In addition to speech input, physical user input may be detected and provided to the applications 134 by analyzing audio signals generated by the microphone 108. In particular, the audio device 106 may include an audio-based gesture detection component or module 136 that is responsive to input and output audio signals to detect proximity of a user hand or other object relative to the audio device 106, and/or to detect gestures or other movements based on audio analysis of the input and/or output audio signals. When a gesture is detected, the audio-based gesture detection component 136 indicates to the operating system 116 and/or the applications 134 that a user input gesture event has occurred, and the applications or other elements of the audio device 106 may respond accordingly. Specific techniques for audio-based gesture detection will be described in more detail with reference to FIGS. 2-4.

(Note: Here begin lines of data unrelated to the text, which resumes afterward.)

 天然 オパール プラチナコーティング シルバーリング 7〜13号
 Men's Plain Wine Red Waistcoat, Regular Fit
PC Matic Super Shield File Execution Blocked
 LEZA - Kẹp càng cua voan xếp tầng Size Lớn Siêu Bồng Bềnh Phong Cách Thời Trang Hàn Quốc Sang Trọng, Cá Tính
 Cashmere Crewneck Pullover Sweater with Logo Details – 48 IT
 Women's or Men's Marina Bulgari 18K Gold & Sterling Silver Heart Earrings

In some instances, the audio device 106 may operate in conjunction with or may otherwise utilize computing resources 138 that are remote from the environment 102. For instance, the audio device 106 may couple to the remote computing resources 138 over a network 140. As illustrated, the remote computing resources 138 may be implemented as one or more servers or server devices 142. The remote computing resources 138 may in some instances be part of a network-accessible computing platform that is maintained and accessible via a network 140 such as the Internet. Common expressions associated with these remote computing resources 138 may include “on-demand computing”, “software as a service (SaaS)”, “platform computing”, “network-accessible platform”, “cloud services”, “data centers”, and so forth.

Each of the servers 142 may include processor(s) 144 and memory 146. The servers 142 may perform various functions in support of the audio device 106, and may also provide additional services in conjunction with the audio device 106. Furthermore, one or more of the functions described herein as being performed by the audio device 106 may be performed instead by the servers 142, either in whole or in part. As an example, the servers 142 may in some cases provide the functionality attributed above to the speech processing components 120. Similarly, one or more of the applications 134 may reside in the memory 146 of the servers 142 and may be executed by the servers 142.

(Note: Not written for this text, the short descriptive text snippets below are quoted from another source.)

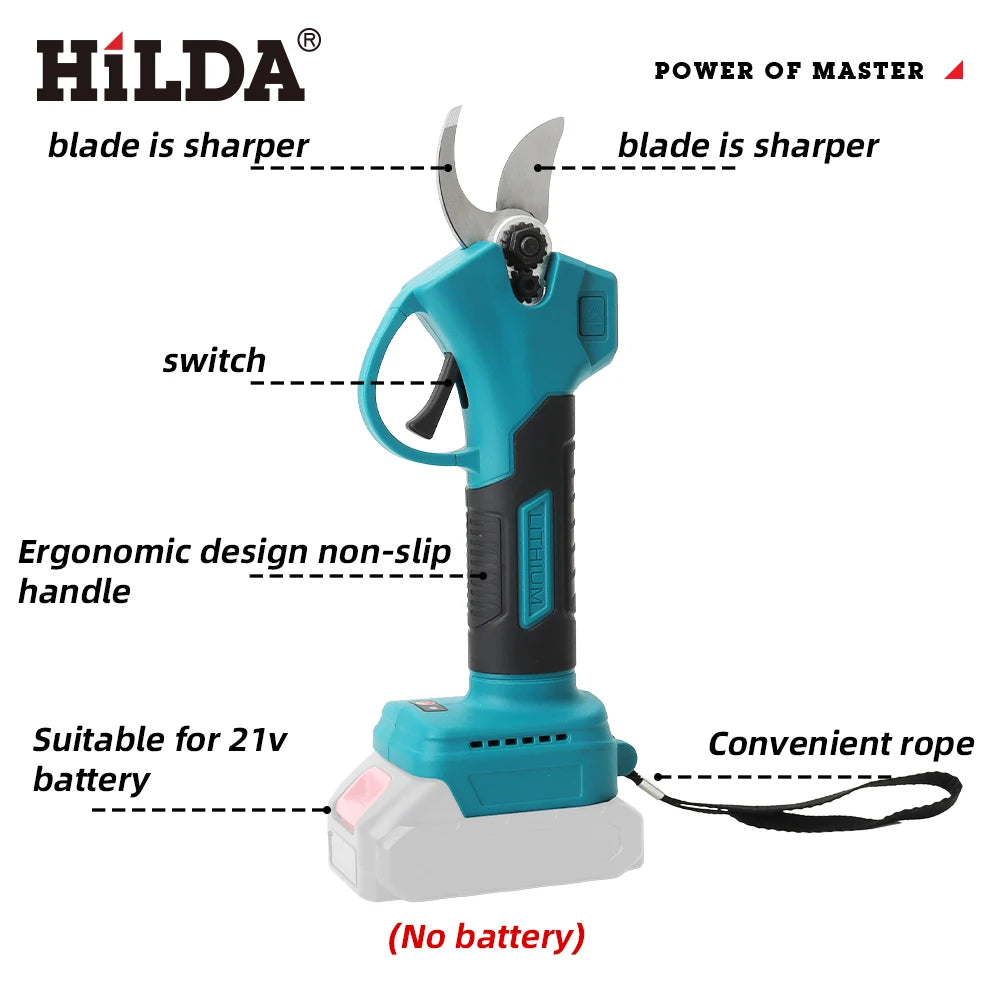 HILDA Brushless Electric Pruning Shears Cordless Fruit Tree Branches Scissors Power Tool For Makita 18V Battery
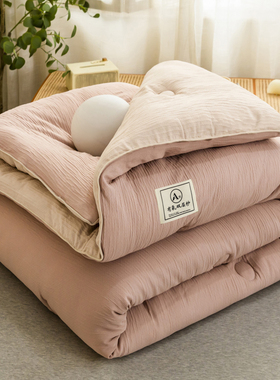 2024新款A类皱皱双层纱大豆纤维冬被学生宿舍加厚棉被子春秋被芯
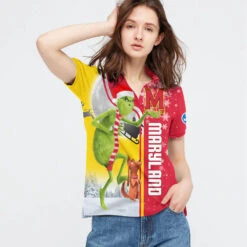 Personalized Funny Christmas The Grinch Maryland Terrapins NCAA I Hate Morning People Shirt Gifts Unisex 3D Polo - Bluefink -CozyHomeStore Personalized Funny Christmas The Grinch Maryland Terrapins NCAA I Hate Morning People Shirt Gifts Unisex 3D Polo 2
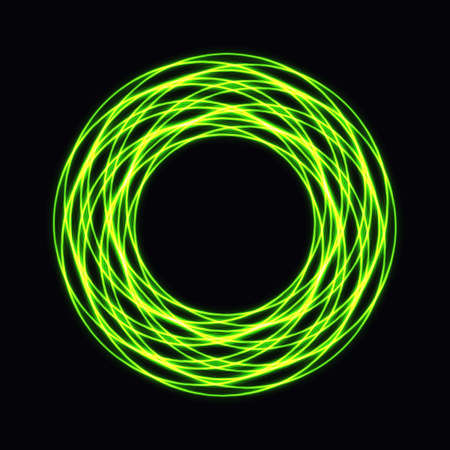 Abstract green neon shape, futuristic wavy fractal of star and circle sign. Vector square or decorative element. Cool geometric illustrationのイラスト素材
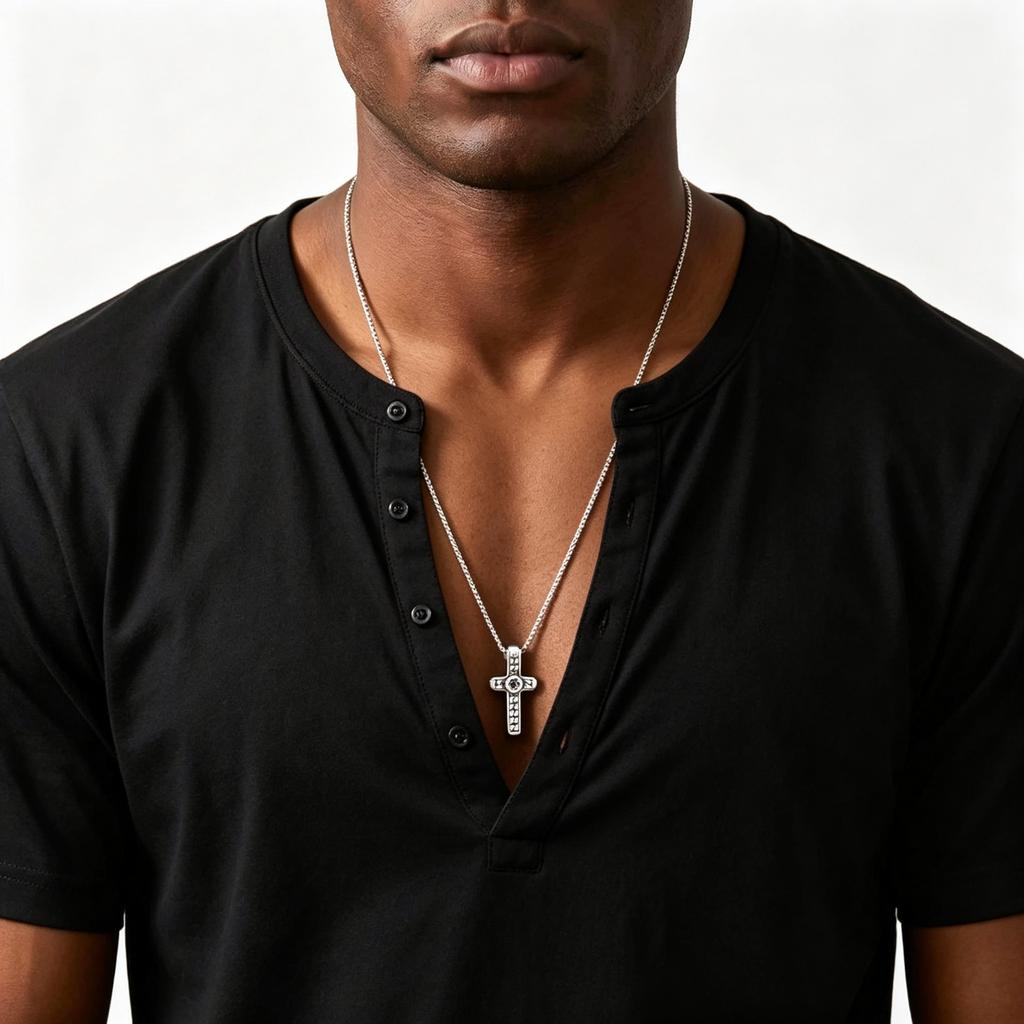 Vintage Cross Necklace for Men,Stainless Steel Cross Pendant Necklace,New Stylish Faith Prayer Jewelry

The audio device 106 may communicatively couple to the network 140 via wired technologies (e.g., wires, universal serial bus (USB), fiber optic cable, etc.), wireless technologies (e.g., radio frequencies (RF), cellular, mobile telephone networks, satellite, Bluetooth, etc.), or other connection technologies. The network 140 is representative of any type of communication network, including data and/or voice network, and may be implemented using wired infrastructure (e.g., coaxial cable, fiber optic cable, etc.), a wireless infrastructure (e.g., RF, cellular, microwave, satellite, Bluetooth®, etc.), and/or other connection technologies.

Although the audio device is described herein as a voice-controlled or speech-based interface device, the techniques described herein may be implemented in conjunction with various different types of devices, such as telecommunications devices and components, hands-free devices, entertainment devices, media playback devices, and so forth.

FIG. 2 illustrates an example 200 of audio-based gesture detection such as might be performed in conjunction with the architecture described above. An audio source 202 generates an output audio signal 204 that is provided to the speaker 110. The audio source 202 may comprise or may be part of one of the applications 134 as shown in FIG. 2, or may comprise an independent or external source. The speaker 110 is responsive to the audio source 202 and the output audio signal 204 to produce audio within the user environment 102. Various types of filtering, processing, and/or amplification may be provided between the audio source and the speaker 110.

The microphone 108 receives audio from the user environment 102 and generates an input audio signal 206 that represents the audio. The received audio may include user speech and ambient noise, and may also include acoustic feedback, echo, or other audio components resulting from audio that is generated by the speaker 110.

FIG. 2 illustrates a reflective acoustic path 208 that may be generated by a reflective surface such as a user hand 210 that is in proximity to the audio device 106. Audio generated by the speaker 110 is projected into the environment and is reflected by the user hand 210 back to the microphone 108. This reflection or echo is captured by the microphone 108 along with other audio within the environment 102.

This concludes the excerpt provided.